6. The intelligent operation and maintenance method according to claim 5, wherein performing sample traversal on the valid samples by using a lifting tree type algorithm and a negative gradient value of a loss function to obtain constraint parameters comprises:

performing sample traversal by using a lifting tree type algorithm and the negative gradient value of the loss function to obtain the minimum value of the loss function;

and performing residual error fitting according to the minimum value of the loss function to obtain constraint parameters.
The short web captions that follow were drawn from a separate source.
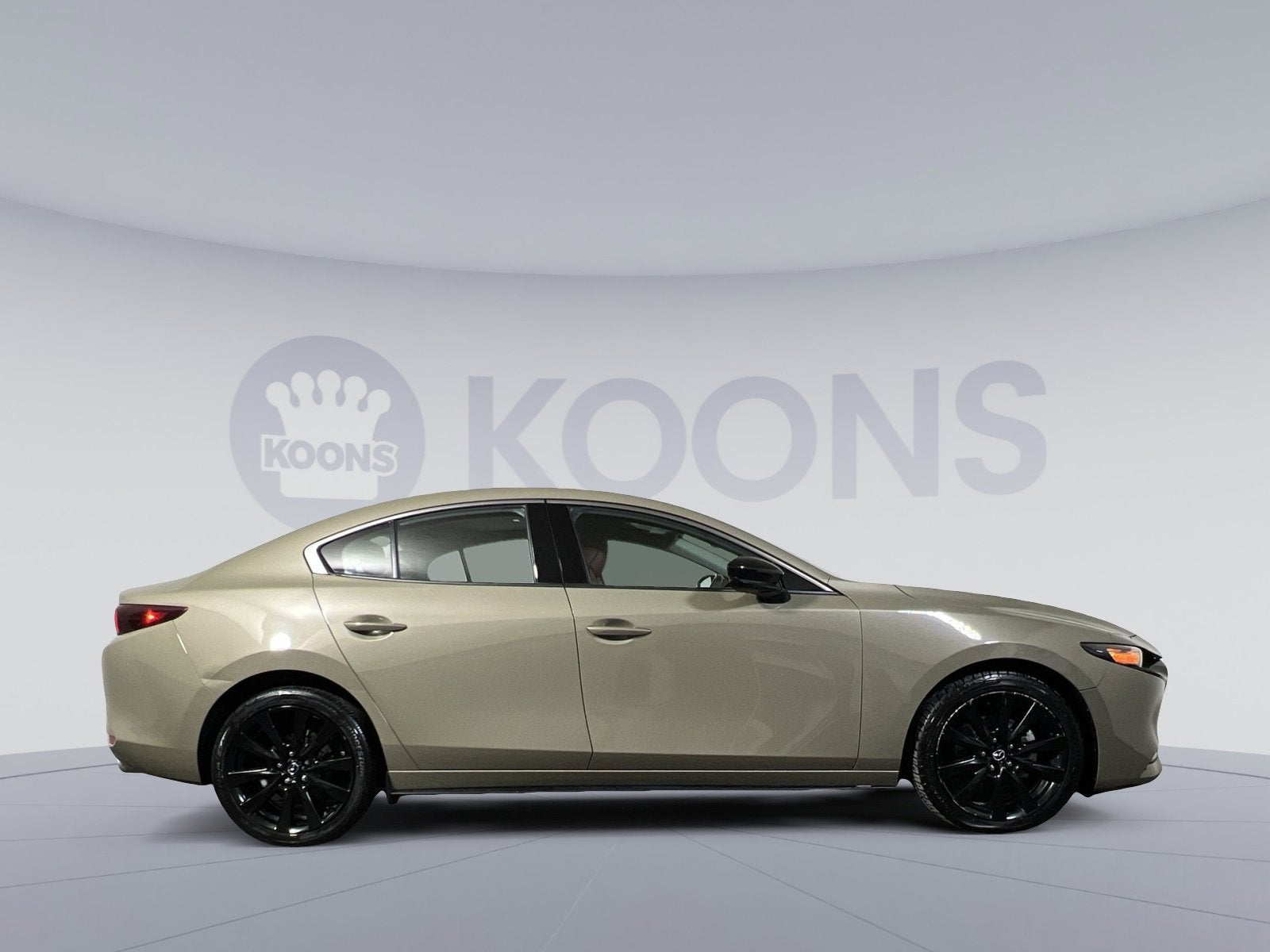 2024 Mazda Mazda3 2.5 Carbon Turbo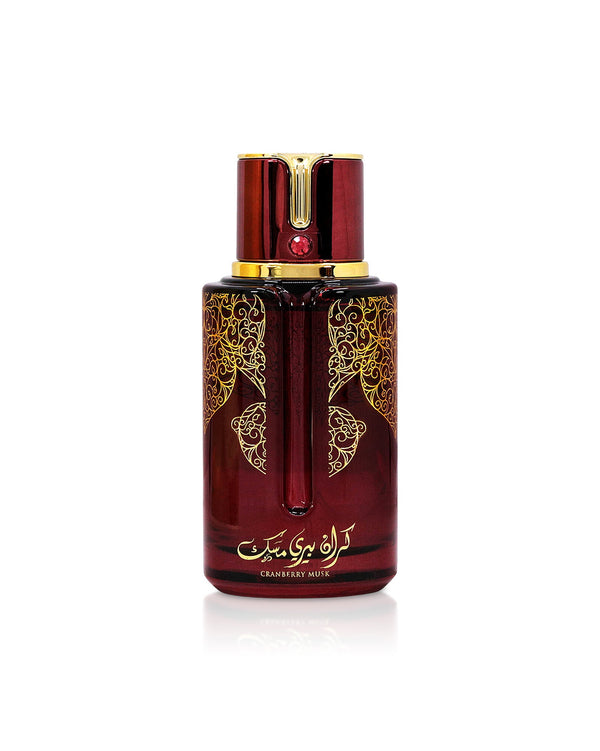 CRANBERRY MUSK Edp by ARABIYAT PRESTIGE perfume bottle at Dubai Aroma South Africa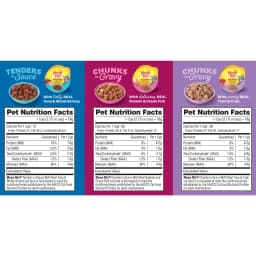 Meow Mix Seafood Selections Variety Pack, Wet Cat Food, 2.75 oz Cup (24 Pack) - Thumbnail 11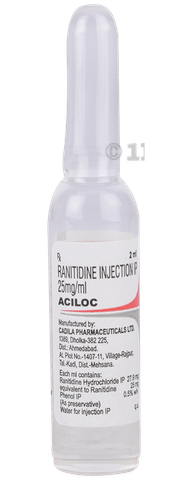 ACILOC-INJ. 10x2ML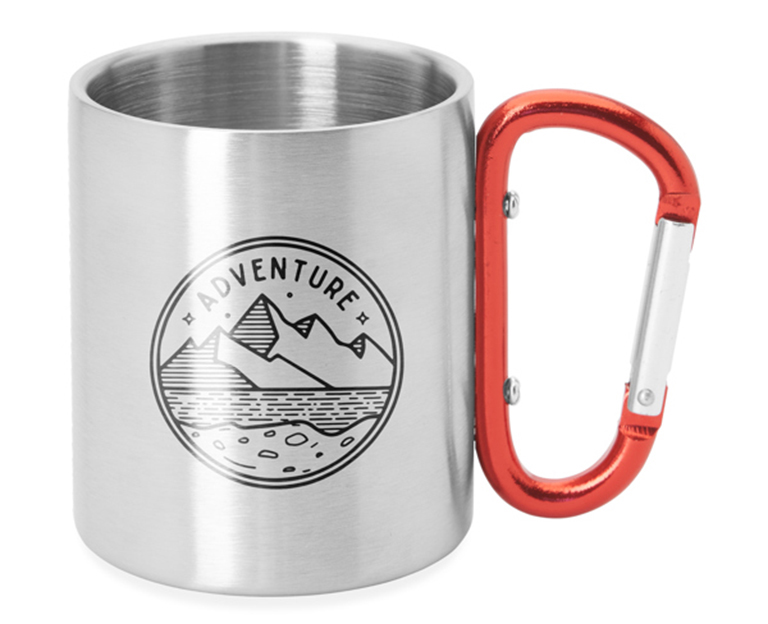 Metalltasse Patagonia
7. The intelligent operation and maintenance method according to claim 5, wherein the adjusting an initial gradient boosting algorithm regression model according to the constraint parameters to construct the fault detection model comprises:

training a regression model of the gradient lifting algorithm of the next round according to the constraint parameters calculated by the regression model of the gradient lifting algorithm of each round;

and the initial gradient lifting algorithm regression model obtains the fault detection model through training of preset iteration times.

8. An intelligent operation and maintenance device, the device comprising:

the acquisition module is used for acquiring real-time operation data acquired by the operation and maintenance system;

the analysis module is used for analyzing the real-time operation data through a fault detection model constructed based on a sample balance loss technology to obtain a fault detection result;

and the processing module is used for obtaining an operation and maintenance strategy according to the fault detection result and carrying out corresponding operation and maintenance processing according to the operation and maintenance strategy.

9. An electronic device comprising a memory, a processor and a computer program stored on the memory and executable on the processor, wherein the processor implements the method of any one of claims 1 to 7 when executing the computer program.

10. A computer-readable storage medium, characterized in that the computer-readable storage medium stores a computer program for executing the method of any one of claims 1 to 7.